** TASK REQUIREMENTS **
In the listing below, find the line holding "Ever Made The" and the line holding "Cohen, H. (2011).". Write out those two lines and all lines between, exactly, and nothing more.

** TASK INPUTS **
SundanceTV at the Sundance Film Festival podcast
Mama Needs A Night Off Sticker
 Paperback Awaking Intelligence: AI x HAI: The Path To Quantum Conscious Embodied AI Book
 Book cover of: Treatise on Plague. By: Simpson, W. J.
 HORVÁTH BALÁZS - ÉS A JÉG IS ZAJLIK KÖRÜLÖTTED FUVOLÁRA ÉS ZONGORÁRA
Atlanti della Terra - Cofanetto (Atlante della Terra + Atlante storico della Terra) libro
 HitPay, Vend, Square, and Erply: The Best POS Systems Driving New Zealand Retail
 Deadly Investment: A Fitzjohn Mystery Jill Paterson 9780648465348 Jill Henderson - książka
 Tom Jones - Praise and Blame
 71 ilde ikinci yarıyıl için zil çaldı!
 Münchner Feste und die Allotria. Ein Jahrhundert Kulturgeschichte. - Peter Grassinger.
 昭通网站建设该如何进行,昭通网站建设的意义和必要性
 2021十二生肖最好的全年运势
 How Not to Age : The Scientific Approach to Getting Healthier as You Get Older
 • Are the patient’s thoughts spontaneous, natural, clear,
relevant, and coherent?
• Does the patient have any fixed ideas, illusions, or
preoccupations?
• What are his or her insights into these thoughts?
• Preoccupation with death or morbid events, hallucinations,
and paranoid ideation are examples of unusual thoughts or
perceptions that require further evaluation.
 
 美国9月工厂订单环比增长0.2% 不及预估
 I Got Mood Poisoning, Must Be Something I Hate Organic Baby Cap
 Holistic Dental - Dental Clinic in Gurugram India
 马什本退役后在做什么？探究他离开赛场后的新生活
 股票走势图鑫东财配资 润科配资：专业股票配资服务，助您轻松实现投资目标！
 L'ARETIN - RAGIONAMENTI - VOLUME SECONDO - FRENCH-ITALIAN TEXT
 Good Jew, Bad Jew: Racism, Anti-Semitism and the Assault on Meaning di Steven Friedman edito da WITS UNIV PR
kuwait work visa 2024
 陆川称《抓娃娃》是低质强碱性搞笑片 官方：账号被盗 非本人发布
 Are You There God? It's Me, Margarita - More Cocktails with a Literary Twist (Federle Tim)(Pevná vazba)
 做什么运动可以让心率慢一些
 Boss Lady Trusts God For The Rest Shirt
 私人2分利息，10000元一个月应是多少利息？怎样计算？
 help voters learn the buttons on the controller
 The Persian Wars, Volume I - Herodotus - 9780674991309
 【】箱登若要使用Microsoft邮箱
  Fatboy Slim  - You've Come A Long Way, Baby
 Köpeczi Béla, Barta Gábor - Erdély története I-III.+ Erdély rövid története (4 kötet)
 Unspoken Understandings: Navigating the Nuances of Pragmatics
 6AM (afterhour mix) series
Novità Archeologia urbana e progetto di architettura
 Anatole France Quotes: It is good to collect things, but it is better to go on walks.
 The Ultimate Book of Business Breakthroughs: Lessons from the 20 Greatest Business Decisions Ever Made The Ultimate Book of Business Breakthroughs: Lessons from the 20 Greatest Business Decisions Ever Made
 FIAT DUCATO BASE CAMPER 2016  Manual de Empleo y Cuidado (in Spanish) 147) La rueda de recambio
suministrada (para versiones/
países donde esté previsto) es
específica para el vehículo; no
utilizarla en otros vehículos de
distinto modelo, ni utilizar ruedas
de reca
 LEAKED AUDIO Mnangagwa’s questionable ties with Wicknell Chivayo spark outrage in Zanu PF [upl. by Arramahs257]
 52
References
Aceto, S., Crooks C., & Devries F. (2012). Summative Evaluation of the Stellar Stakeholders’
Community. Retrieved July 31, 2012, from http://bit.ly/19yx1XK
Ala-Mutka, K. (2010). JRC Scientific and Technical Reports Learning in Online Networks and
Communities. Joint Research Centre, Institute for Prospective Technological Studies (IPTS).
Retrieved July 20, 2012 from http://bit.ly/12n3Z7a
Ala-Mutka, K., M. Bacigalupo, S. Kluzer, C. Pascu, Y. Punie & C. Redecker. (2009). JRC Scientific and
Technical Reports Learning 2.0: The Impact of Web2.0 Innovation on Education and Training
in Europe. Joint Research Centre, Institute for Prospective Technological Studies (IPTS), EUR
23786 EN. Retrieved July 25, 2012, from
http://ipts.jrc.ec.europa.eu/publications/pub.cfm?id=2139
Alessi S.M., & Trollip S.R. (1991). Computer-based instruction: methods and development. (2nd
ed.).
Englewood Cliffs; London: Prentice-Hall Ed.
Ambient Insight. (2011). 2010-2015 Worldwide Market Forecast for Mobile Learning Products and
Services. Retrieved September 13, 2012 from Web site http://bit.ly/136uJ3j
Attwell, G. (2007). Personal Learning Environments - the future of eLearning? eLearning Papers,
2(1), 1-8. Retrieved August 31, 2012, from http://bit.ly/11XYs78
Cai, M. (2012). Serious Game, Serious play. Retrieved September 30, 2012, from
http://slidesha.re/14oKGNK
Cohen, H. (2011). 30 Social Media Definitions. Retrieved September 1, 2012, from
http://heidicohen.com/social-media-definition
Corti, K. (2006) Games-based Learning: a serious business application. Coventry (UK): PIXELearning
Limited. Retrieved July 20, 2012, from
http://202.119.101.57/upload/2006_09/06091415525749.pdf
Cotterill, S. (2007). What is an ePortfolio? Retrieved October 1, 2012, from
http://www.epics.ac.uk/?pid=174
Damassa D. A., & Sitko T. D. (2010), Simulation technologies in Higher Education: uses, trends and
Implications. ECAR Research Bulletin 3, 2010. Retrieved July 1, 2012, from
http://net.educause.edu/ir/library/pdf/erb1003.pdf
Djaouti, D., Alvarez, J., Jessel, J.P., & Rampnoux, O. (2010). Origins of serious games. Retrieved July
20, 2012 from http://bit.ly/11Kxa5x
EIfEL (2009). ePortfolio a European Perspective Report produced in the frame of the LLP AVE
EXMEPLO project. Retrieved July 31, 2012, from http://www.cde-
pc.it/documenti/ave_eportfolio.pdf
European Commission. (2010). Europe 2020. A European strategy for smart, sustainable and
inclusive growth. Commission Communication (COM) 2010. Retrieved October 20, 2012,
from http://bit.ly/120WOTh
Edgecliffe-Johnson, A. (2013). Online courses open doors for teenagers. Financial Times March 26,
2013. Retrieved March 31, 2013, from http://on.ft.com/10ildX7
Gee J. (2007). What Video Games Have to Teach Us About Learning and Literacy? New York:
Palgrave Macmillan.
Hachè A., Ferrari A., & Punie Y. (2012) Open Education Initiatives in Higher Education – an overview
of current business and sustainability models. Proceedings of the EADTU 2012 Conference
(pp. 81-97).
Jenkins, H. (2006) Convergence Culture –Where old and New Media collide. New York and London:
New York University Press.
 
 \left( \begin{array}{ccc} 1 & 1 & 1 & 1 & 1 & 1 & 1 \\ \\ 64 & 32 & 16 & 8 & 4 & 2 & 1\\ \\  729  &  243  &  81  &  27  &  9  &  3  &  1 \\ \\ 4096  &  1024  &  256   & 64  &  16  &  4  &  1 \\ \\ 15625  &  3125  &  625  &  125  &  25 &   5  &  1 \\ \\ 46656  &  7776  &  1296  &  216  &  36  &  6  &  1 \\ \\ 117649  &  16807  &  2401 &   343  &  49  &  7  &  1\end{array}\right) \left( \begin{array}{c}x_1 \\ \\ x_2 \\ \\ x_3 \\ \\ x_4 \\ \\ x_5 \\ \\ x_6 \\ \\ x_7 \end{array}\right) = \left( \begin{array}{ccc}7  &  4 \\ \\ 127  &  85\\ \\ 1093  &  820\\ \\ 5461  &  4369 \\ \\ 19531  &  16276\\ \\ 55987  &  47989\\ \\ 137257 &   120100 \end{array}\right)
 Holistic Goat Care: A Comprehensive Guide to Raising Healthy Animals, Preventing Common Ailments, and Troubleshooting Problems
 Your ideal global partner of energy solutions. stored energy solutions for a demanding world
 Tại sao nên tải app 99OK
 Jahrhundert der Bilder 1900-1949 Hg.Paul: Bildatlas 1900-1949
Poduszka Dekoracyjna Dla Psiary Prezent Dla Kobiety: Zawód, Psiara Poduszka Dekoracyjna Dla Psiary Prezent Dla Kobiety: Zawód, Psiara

** ANSWER TO THIS EXERCISE **
 The Ultimate Book of Business Breakthroughs: Lessons from the 20 Greatest Business Decisions Ever Made The Ultimate Book of Business Breakthroughs: Lessons from the 20 Greatest Business Decisions Ever Made
 FIAT DUCATO BASE CAMPER 2016  Manual de Empleo y Cuidado (in Spanish) 147) La rueda de recambio
suministrada (para versiones/
países donde esté previsto) es
específica para el vehículo; no
utilizarla en otros vehículos de
distinto modelo, ni utilizar ruedas
de reca
 LEAKED AUDIO Mnangagwa’s questionable ties with Wicknell Chivayo spark outrage in Zanu PF [upl. by Arramahs257]
 52
References
Aceto, S., Crooks C., & Devries F. (2012). Summative Evaluation of the Stellar Stakeholders’
Community. Retrieved July 31, 2012, from http://bit.ly/19yx1XK
Ala-Mutka, K. (2010). JRC Scientific and Technical Reports Learning in Online Networks and
Communities. Joint Research Centre, Institute for Prospective Technological Studies (IPTS).
Retrieved July 20, 2012 from http://bit.ly/12n3Z7a
Ala-Mutka, K., M. Bacigalupo, S. Kluzer, C. Pascu, Y. Punie & C. Redecker. (2009). JRC Scientific and
Technical Reports Learning 2.0: The Impact of Web2.0 Innovation on Education and Training
in Europe. Joint Research Centre, Institute for Prospective Technological Studies (IPTS), EUR
23786 EN. Retrieved July 25, 2012, from
http://ipts.jrc.ec.europa.eu/publications/pub.cfm?id=2139
Alessi S.M., & Trollip S.R. (1991). Computer-based instruction: methods and development. (2nd
ed.).
Englewood Cliffs; London: Prentice-Hall Ed.
Ambient Insight. (2011). 2010-2015 Worldwide Market Forecast for Mobile Learning Products and
Services. Retrieved September 13, 2012 from Web site http://bit.ly/136uJ3j
Attwell, G. (2007). Personal Learning Environments - the future of eLearning? eLearning Papers,
2(1), 1-8. Retrieved August 31, 2012, from http://bit.ly/11XYs78
Cai, M. (2012). Serious Game, Serious play. Retrieved September 30, 2012, from
http://slidesha.re/14oKGNK
Cohen, H. (2011). 30 Social Media Definitions. Retrieved September 1, 2012, from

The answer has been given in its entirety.